Stored records:
■ ■ ■ ■
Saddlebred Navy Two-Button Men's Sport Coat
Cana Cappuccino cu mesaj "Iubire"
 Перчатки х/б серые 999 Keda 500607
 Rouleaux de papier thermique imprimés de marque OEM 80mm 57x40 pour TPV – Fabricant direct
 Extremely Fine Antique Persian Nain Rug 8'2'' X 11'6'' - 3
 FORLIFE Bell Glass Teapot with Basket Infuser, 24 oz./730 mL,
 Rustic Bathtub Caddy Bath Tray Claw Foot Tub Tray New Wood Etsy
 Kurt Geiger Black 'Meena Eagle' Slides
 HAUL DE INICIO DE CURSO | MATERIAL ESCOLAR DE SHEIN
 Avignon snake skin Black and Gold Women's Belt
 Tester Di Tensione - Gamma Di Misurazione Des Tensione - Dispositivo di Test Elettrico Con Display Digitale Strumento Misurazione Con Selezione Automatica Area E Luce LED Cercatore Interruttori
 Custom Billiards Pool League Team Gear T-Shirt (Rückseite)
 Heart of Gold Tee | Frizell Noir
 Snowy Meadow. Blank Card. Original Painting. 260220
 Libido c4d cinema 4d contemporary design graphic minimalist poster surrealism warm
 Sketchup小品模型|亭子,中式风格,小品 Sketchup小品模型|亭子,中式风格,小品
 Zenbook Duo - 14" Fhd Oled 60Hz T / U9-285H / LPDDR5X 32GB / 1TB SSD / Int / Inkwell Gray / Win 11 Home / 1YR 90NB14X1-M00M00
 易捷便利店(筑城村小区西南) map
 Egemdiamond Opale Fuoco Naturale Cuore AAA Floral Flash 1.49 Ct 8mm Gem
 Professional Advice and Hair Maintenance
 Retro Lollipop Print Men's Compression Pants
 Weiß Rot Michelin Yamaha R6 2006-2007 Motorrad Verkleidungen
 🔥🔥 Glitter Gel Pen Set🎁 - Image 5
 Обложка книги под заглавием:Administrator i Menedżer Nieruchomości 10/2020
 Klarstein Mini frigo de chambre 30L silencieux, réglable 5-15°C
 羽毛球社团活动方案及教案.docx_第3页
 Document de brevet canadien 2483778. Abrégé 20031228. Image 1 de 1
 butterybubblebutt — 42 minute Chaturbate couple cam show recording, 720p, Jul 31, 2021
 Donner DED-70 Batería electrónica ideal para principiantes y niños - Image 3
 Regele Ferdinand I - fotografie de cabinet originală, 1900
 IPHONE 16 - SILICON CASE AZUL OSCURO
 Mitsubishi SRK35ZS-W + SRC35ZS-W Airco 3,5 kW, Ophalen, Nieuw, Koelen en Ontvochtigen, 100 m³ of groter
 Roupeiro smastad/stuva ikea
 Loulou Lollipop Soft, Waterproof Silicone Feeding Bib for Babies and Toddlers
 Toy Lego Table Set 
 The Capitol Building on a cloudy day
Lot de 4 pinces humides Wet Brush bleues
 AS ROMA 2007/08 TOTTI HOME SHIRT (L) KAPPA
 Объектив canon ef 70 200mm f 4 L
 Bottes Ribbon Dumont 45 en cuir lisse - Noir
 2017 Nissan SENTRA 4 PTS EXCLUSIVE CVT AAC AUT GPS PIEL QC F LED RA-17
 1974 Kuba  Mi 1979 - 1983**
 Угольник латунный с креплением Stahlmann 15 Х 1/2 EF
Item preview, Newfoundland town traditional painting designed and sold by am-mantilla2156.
■ ■ ■ ■
# Problem requirements
Your task is to set down exactly the lines from the line containing "Угольник латунный с" to the end of the data above, including both ends.

# Answer
 Угольник латунный с креплением Stahlmann 15 Х 1/2 EF
Item preview, Newfoundland town traditional painting designed and sold by am-mantilla2156.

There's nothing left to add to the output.